--- DATA FOR THE TASK ---
= = = = =

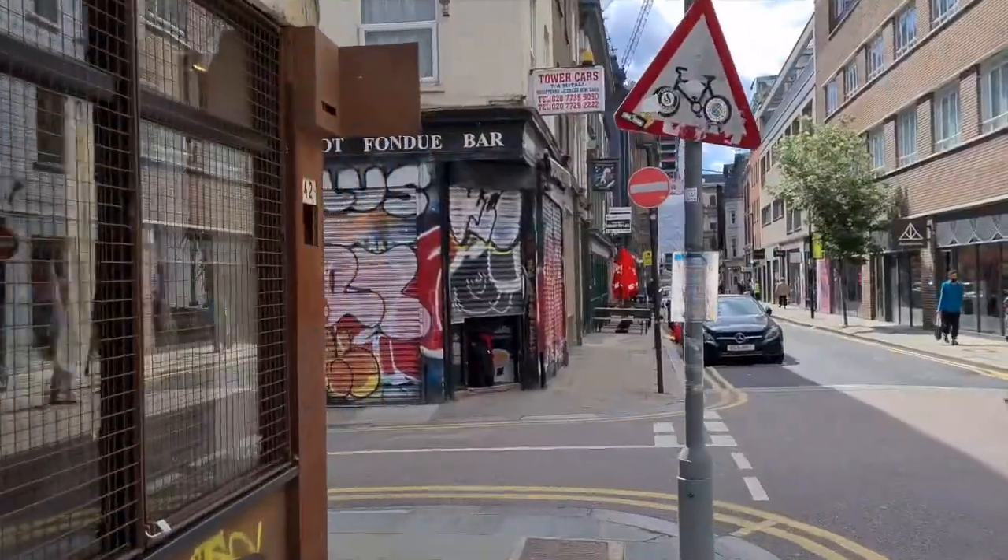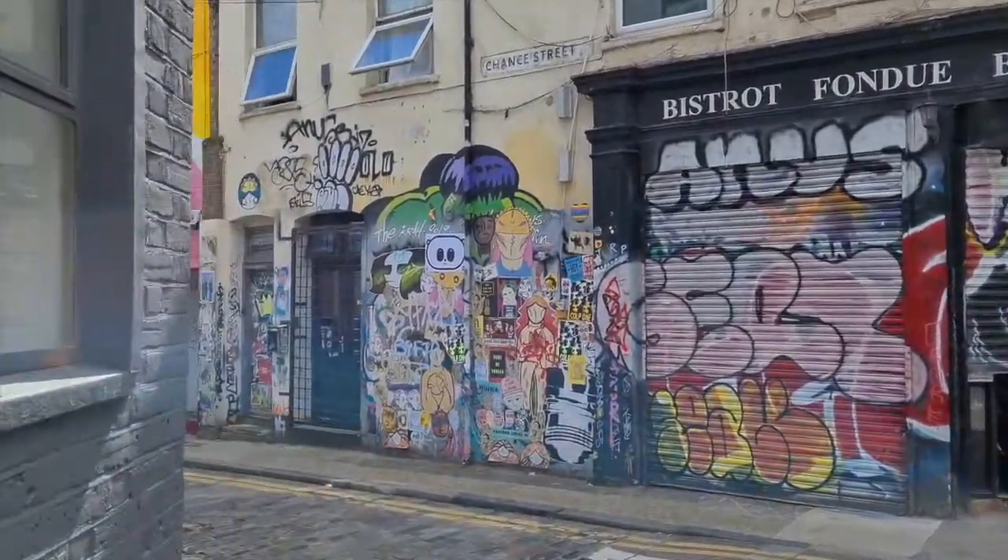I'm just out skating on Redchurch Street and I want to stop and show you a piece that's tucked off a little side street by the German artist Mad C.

= = = = =

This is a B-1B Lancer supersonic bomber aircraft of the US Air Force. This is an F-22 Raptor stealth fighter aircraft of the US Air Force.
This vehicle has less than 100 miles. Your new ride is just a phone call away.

= = = = =

--- EXERCISE ---
From the listing above, pick out each line where the word "This" appears.

--- THE ANSWER ---
This is a B-1B Lancer supersonic bomber aircraft of the US Air Force. This is an F-22 Raptor stealth fighter aircraft of the US Air Force.
This vehicle has less than 100 miles. Your new ride is just a phone call away.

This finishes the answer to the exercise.